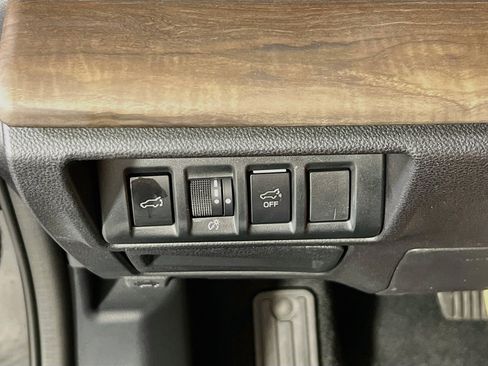 Used 2023 Subaru Outback Touring AWD/4WD image 10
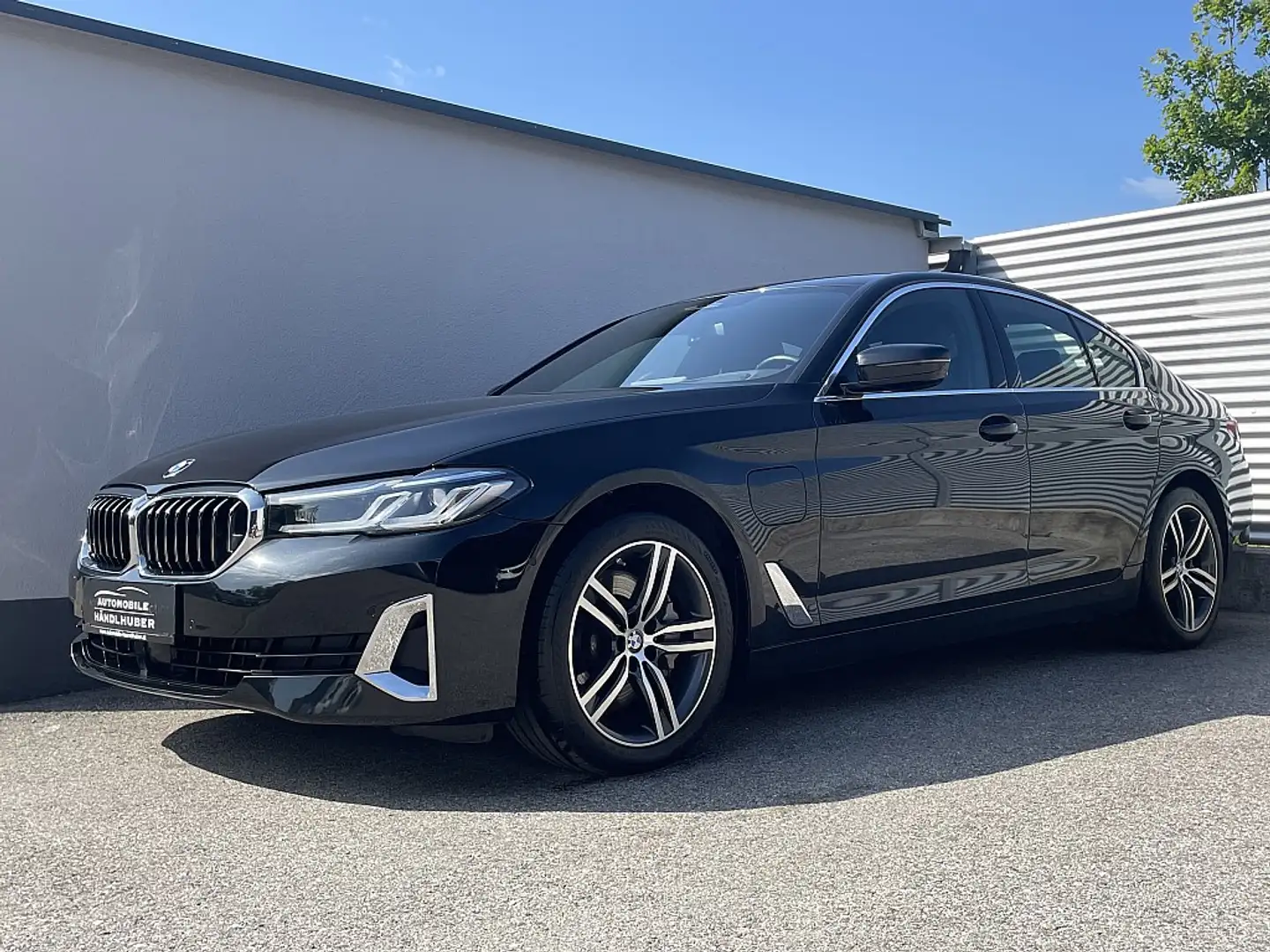 BMW 530 e PHEV xDrive Aut.LCI/LUXURYLINE/AHK/LASER/LIVE... Schwarz - 2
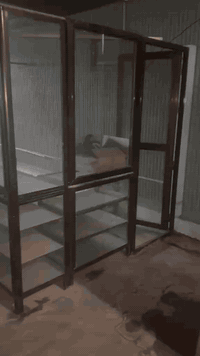 السلام عليكم غرفة المنيوم
كامله متكونه
من باب المنيوم 
وقاطع المنيوم 
وفاتيرنات عدد٣ طول مترين 
وفاترينه طول متر واحده 
هي وجام كامل 
طول الغرفه ٦ متر 
عرضها مترين 
مكان بغداد الصالحية
السعر ٢٢٥ 
***********
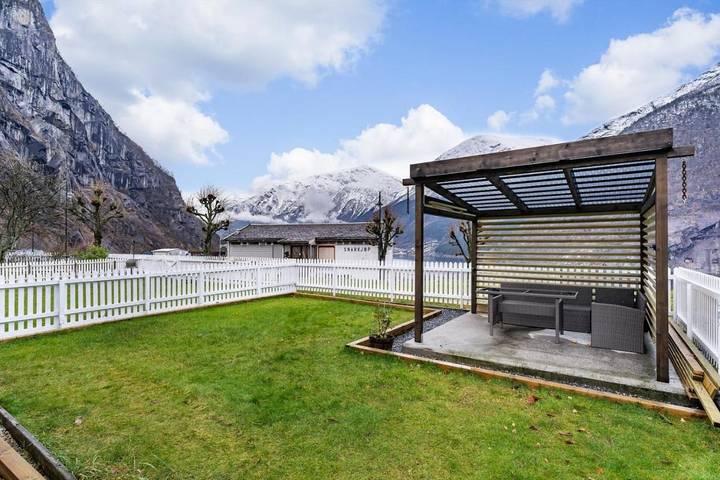 Ferienhaus für 7 Personen, mit Seeblick und Ausblick sowie Garten in Odda - 4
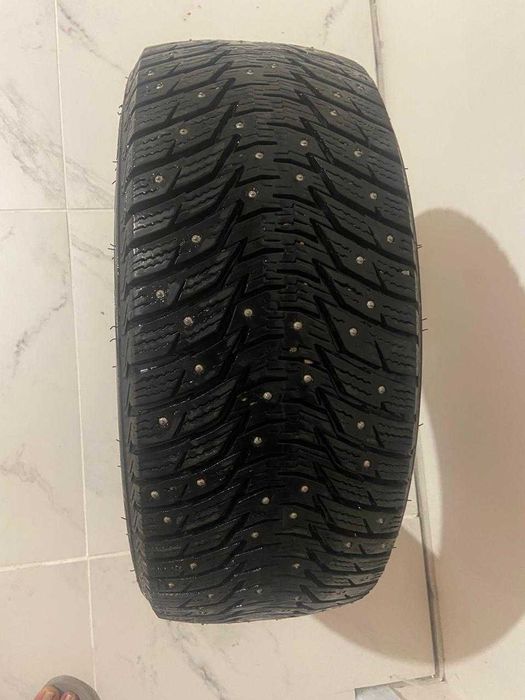 Зимняя шипованная резина 225/45 R17
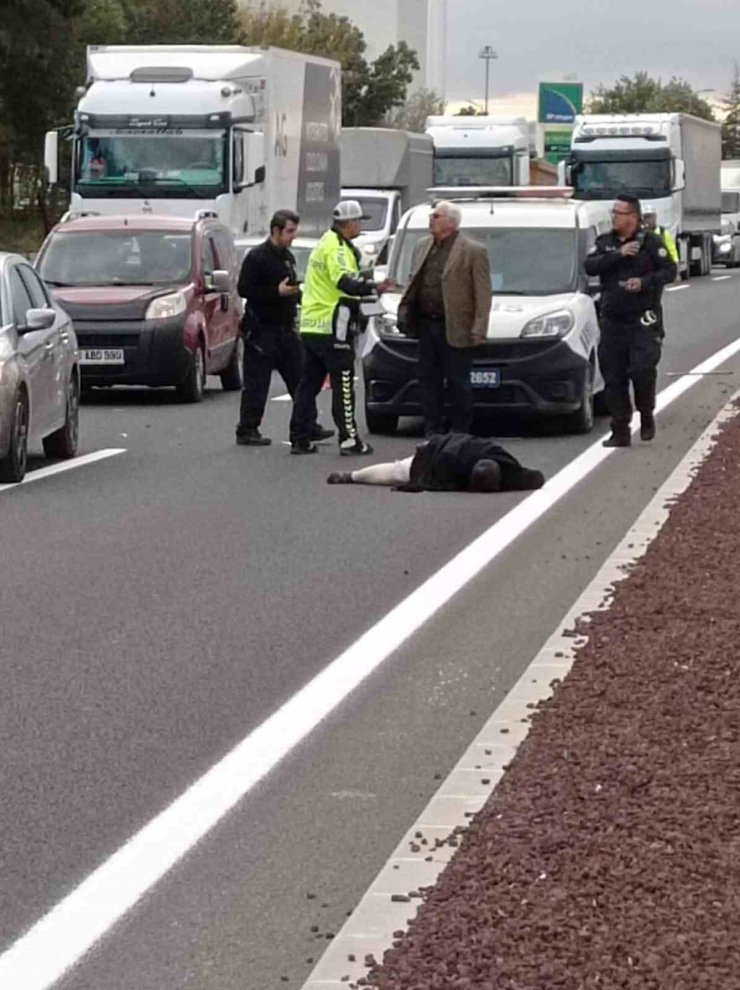 Oğlu için sabah açıklama yapan yaşlı kadın, trafik kazasında hayatını kaybetti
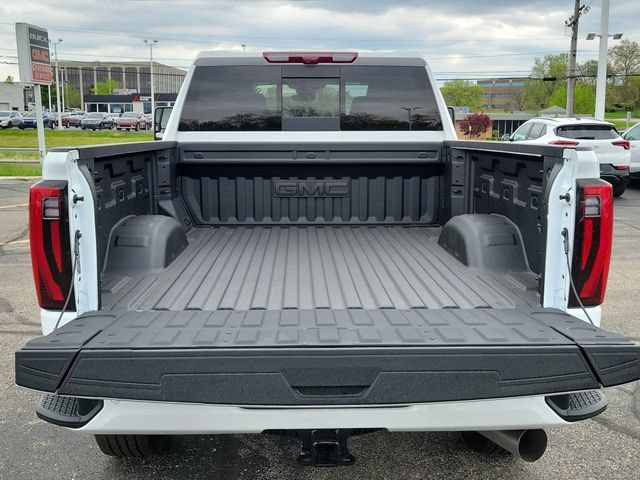 New 2026 GMC Sierra 2500 Denali w/ Denali Reserve Package AWD/4WD image 8
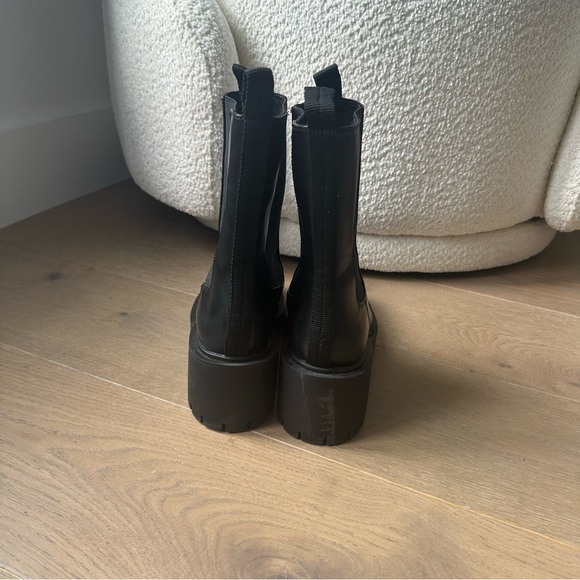 ZARA Heeled Ankle Chelsea Boots - Picture 6 of 7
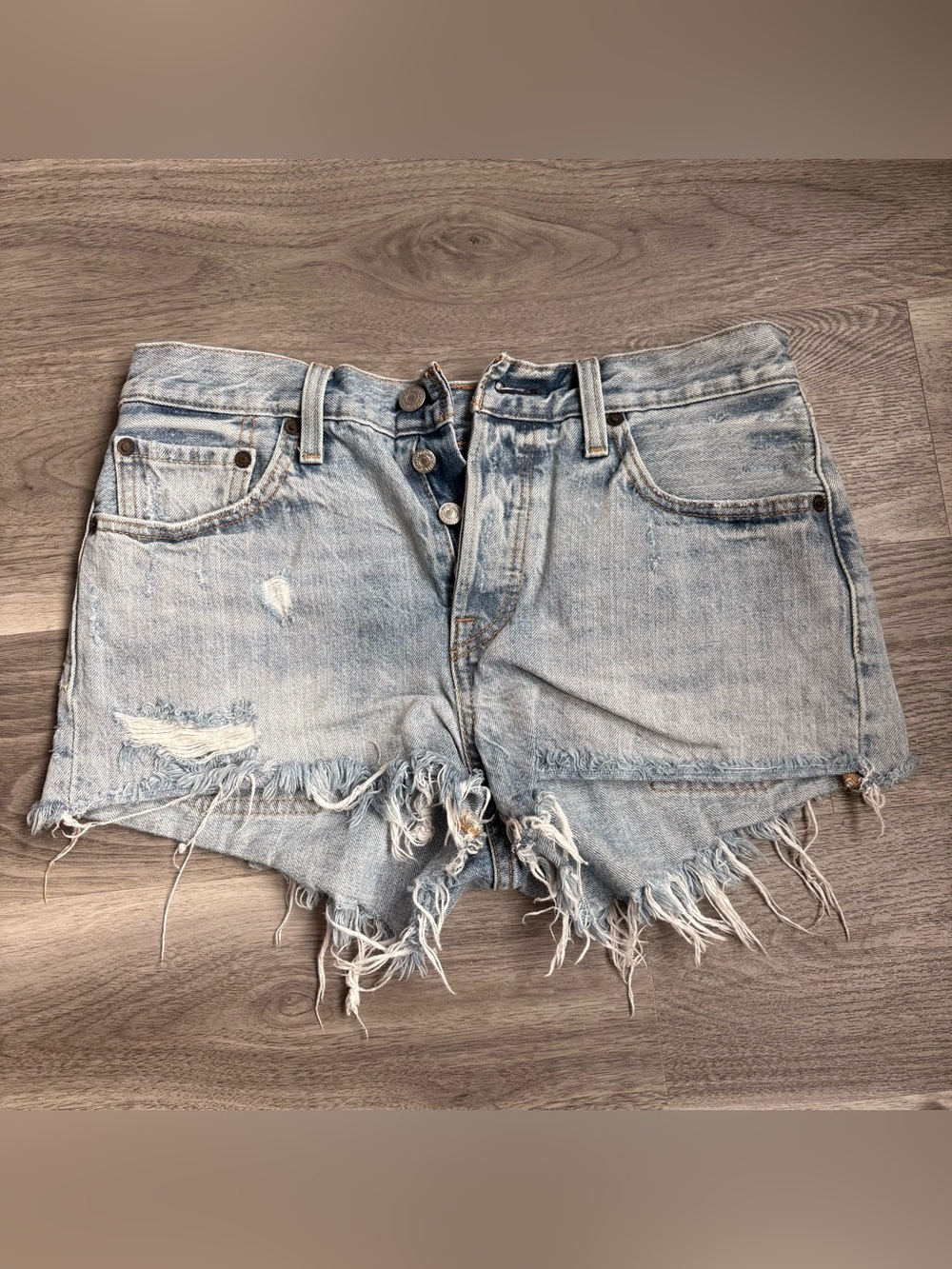 Levi’s 501 Original Distressed Denim Shorts | W27 | Light Wash Button Fly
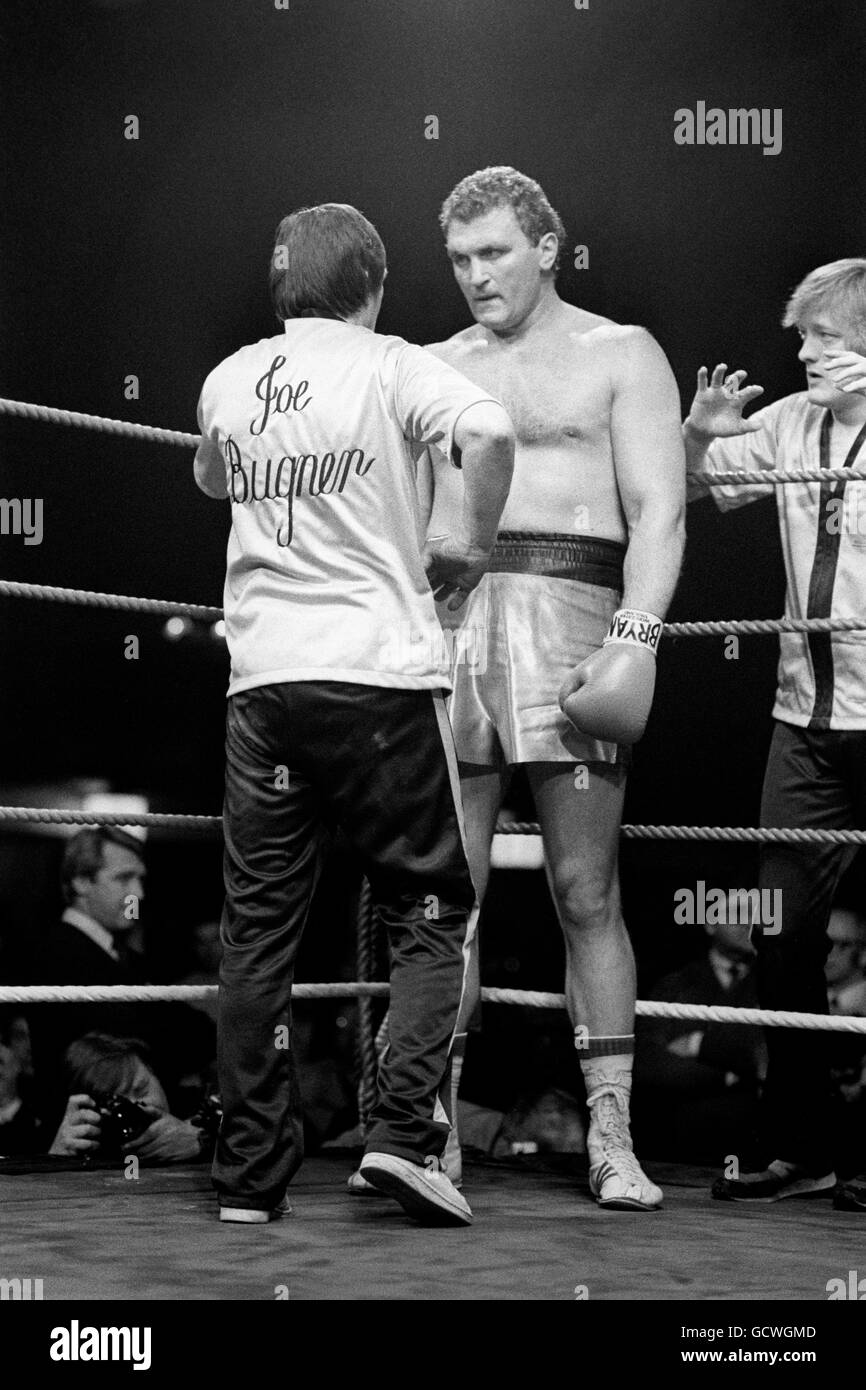 Boxing Heavyweight Joe Bugner v Danny Sutton Alexandra Pavilion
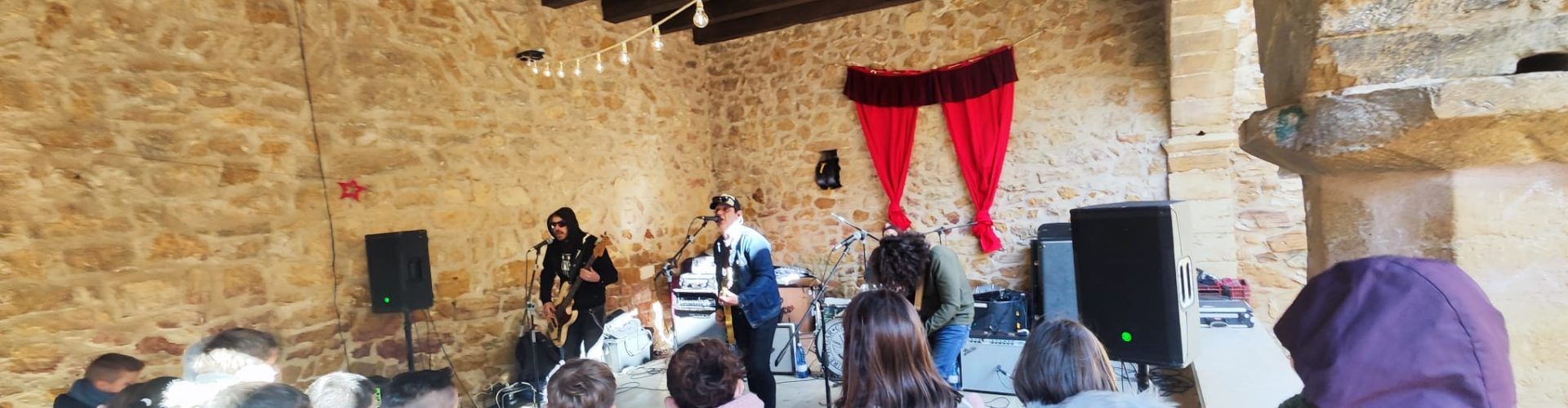 Benassal s’ompli de màgia nadalenca amb el seu Mercat Artesanal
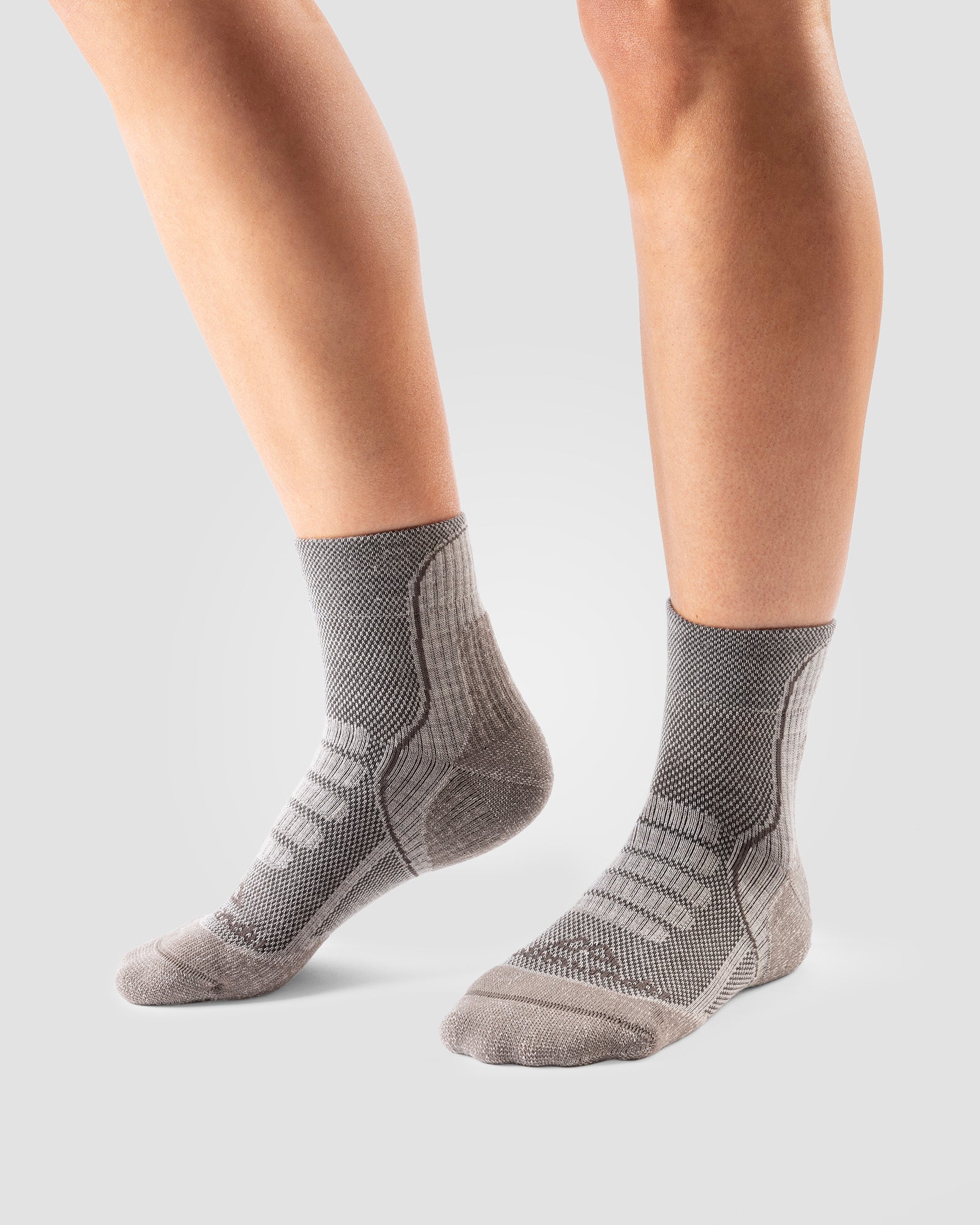 b1604_109_ridge_wool_blend_quarter_crew_socks_brown_b_1754350113000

.....

Return the whole of the material above exactly, with no picture carried over.

WRITTEN SOLUTION:
 Used 2023 Subaru Outback Touring AWD/4WD image 10
 BMW 530 e PHEV xDrive Aut.LCI/LUXURYLINE/AHK/LASER/LIVE... Schwarz - 2
 السلام عليكم غرفة المنيوم
كامله متكونه
من باب المنيوم 
وقاطع المنيوم 
وفاتيرنات عدد٣ طول مترين 
وفاترينه طول متر واحده 
هي وجام كامل 
طول الغرفه ٦ متر 
عرضها مترين 
مكان بغداد الصالحية
السعر ٢٢٥ 
***********
 Ferienhaus für 7 Personen, mit Seeblick und Ausblick sowie Garten in Odda - 4
 Зимняя шипованная резина 225/45 R17
 Oğlu için sabah açıklama yapan yaşlı kadın, trafik kazasında hayatını kaybetti
 New 2026 GMC Sierra 2500 Denali w/ Denali Reserve Package AWD/4WD image 8
 ZARA Heeled Ankle Chelsea Boots - Picture 6 of 7
 Levi’s 501 Original Distressed Denim Shorts | W27 | Light Wash Button Fly
 Boxing Heavyweight Joe Bugner v Danny Sutton Alexandra Pavilion
 Benassal s’ompli de màgia nadalenca amb el seu Mercat Artesanal
 b1604_109_ridge_wool_blend_quarter_crew_socks_brown_b_1754350113000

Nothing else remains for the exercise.